同時に、スターリンのクリアな問題-解決行動は、スターリン自身の何処から来ているのかは不明な(それは心理学的な問題であり、また精神分析学的な問題であり)、「執念」、「妄想」とも言えるものによって支えられていたのかも知れないという風に考えてみたくなる。一見、合理性と執念・妄想といったものは両立しないようにも思えるが、極めて強靭な合理性の貫徹は極めて強烈な精神的な基盤に支えらる必要がある。また、その執念や妄想は、単に幻想世界を遊泳するための発電機になったのではなく、極めてリアルな現実政治と結び付いて存在していた。
独裁者に関してであれそうでない政治家についてであれ、我々は政治家や政治的行動における、この種の明晰な問題-解決行動と結合された執念や妄想(あるいは強固な執念や妄想と結びついたリアルな問題-解決行動)を論じる方法を持っているのであろうか? この種の執念や妄想は、例えば過去の恥辱や屈辱を絶対に忘れず、どんなに時間がかかろうが「敵」を殲滅するまでやめないといった類の偏執性と結び付くが、対象が現実政治の場合、それは問題-解決行動を支える情熱として作用する。
なお、極めて長期的な視野において考えられなければならない問題の場合、「合理的な問題-解決行動」が、局所的に合理的に見える行動のみをプロセスにおいて生じさせるとは限らない。一見不合理に見える行動の場合もある。しかし、それとても長期的な展望において見る時、合理的に解釈され得る作戦である可能性がある。
本書の最後の方で著者は、第二次世界大戦後の日本人に特有の被害者意識―それは「原爆症候群」と「北方領土症候群」に象徴される―について論じているが、それらは確かに日本人にとっての、行動を背後で支える情熱という意味での執念・妄想になり得るものであるかも知れない。しかし現在までのところ、長谷川の言う原爆症候群も北方領土症候群も、政治的行動との結合を通じた問題解決の段階には至っていない。無論北方領土の場合は、その「返還」をロシアに求めるという明確過ぎる程の政治的目標が存在するのであるが、ロシアを打倒する領域には至っていない。物理的な方法でか、あるいは論理的な方法でか、敵を打倒しないことには、奪取された領土は戻って来ないのである(その他、敵国が崩壊した場合あるいはそれに近い程弱体化した場合に戻って来る可能性がある)。但し、打倒に向かう第一段階、すなわち北方領土(及び千島列島や南樺太)の奪取のための理論構成(私の言葉では物語生成)は、既に多大な努力が積み重ねられている。
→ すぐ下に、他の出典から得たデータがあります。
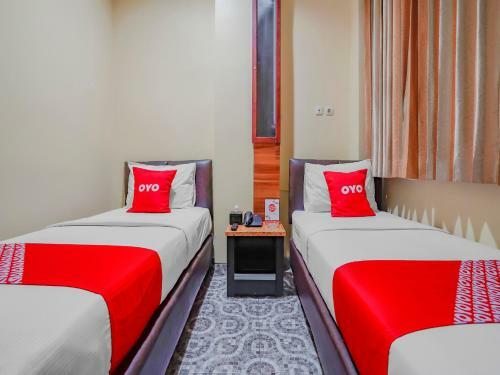 Oyo 90064 Hotel Salon Fora & Cafe
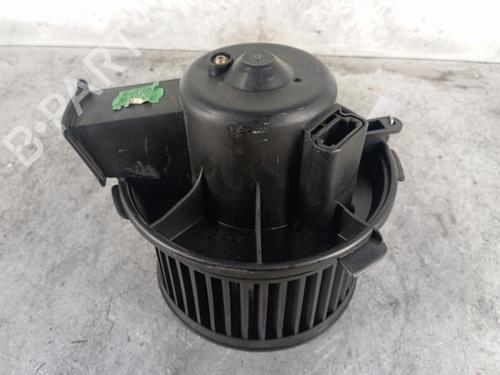 Używane Silniczek dmuchawy nagrzewnicy PEUGEOT 206 Hatchback (2A/C) 1.4 HDi eco 70 (68 hp) 30025066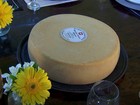 Autêntico queijo suíço é produzido nas serras de Goiás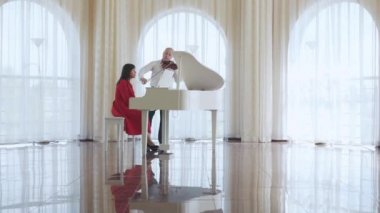 Klasik müzisyen orkestra müzik çalma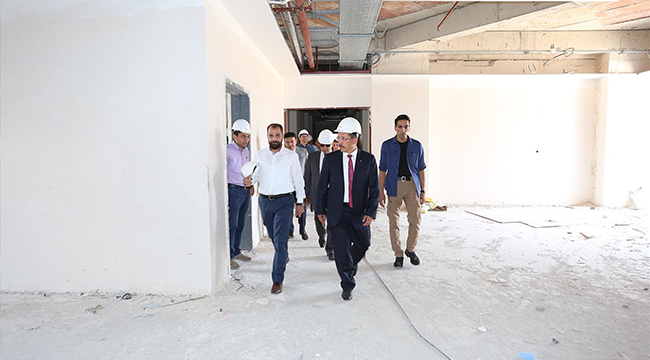 Rektör Bağ, Karahayıt FTR İnşaatında İnceleme Yaptı
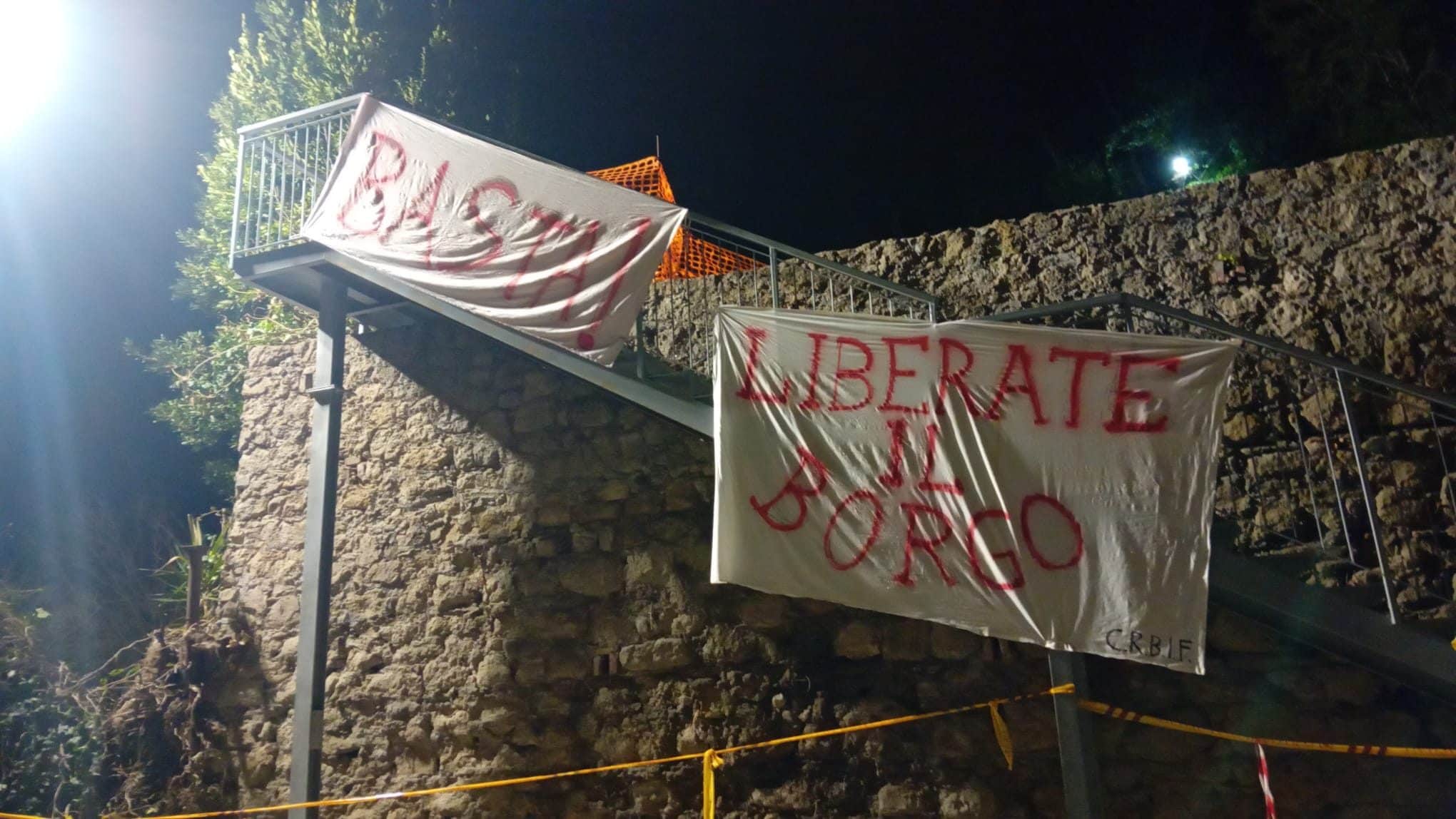 Gli striscioni appesi a Isola Farnese.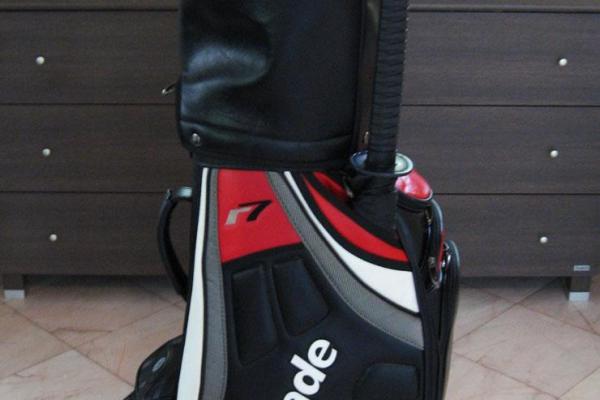 ++++ ขายด่วน! 2 อย่าง ถุงกอล์ฟ Taylormade & ยูติลิตี้ rescue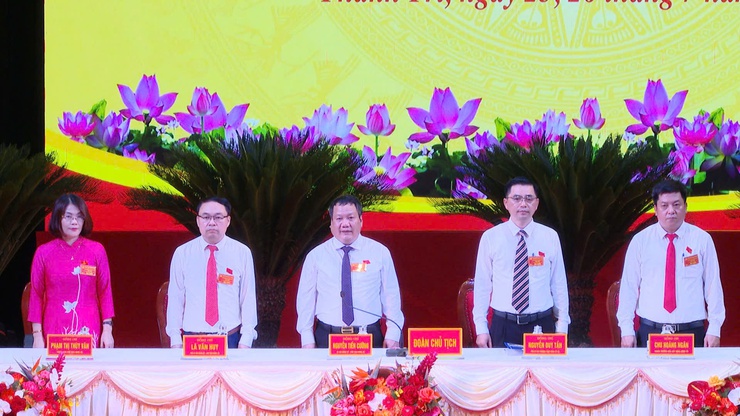 Xã Thanh Trì: Tưng bừng cờ hoa chào mừng Đại hội Đảng bộ xã lần thứ I, nhiệm kỳ 2025 - 2030- Ảnh 6.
数度の失敗には懲りずに目標達成を目指すには、そもそもそこを強引に奪い取ったスターリンという存在が持っていたのに拮抗するだけの執念・妄想に支えられた問題-解決行動の一貫性を我々が獲得することが必須であろう。
より一般的な話になるが、もし日本人にとってより強靭な執念や妄想が存在するとすれば、それらは寧ろ太平洋戦争とそれに先行する諸々の日本人が体験した戦争について、根本的な再意味付けを行う、という方向でそれらを生かして行くべきだろう。被害者意識に基づく怨恨の追及や自身のマゾヒスティックな否定感情に基づく破滅願望に基礎を置くものではない性格を持った「大きな物語」の構築によって、本当の意味での「自らへのリベンジ」を通じた国家と社会と人々の再生を目指す運動、のようなものである。
日本人にとって身近な戦争が終わってから既に80年近くが経ち、それも結構な時間なのであるが、その後の成功したり失敗したりを繰り返して来た日本は、それでもなおあの戦争を大きな物語として共同的に語るための方法を獲得するに至ったいない。現在に及んでもなお物語戦の真っ最中である。それはそれでひどい―良い意味で?―執念であり、妄想であるかも知れない。しかし恐らく、これで「長い」とか言ってはいられないのだろう。日本人がこの戦争をもっとまともな共同的物語として語れるようになるなでには、もっと長い年月を要する。つまり、覚悟を決めて徹底的な挑戦を闘い、「自らへのリベンジ」を果たすと共に、それを未来の社会的行動として実践して行く必要がある。そのためには、例えば一旦日本人が棄てた「人を大切にする」とか「公共性を大切に考える」とかいった古い(しかし一旦棄てやったのである以上新しくもある)概念や「美徳」や価値観を再浮上させたりすることも必要になるだろう。「長期的な展望に立った執念と妄想」により、敗北にまつわる被害者意識の克服を図りつつ、周囲の国々と緊張した対峙状況を切り抜けて行くしかない。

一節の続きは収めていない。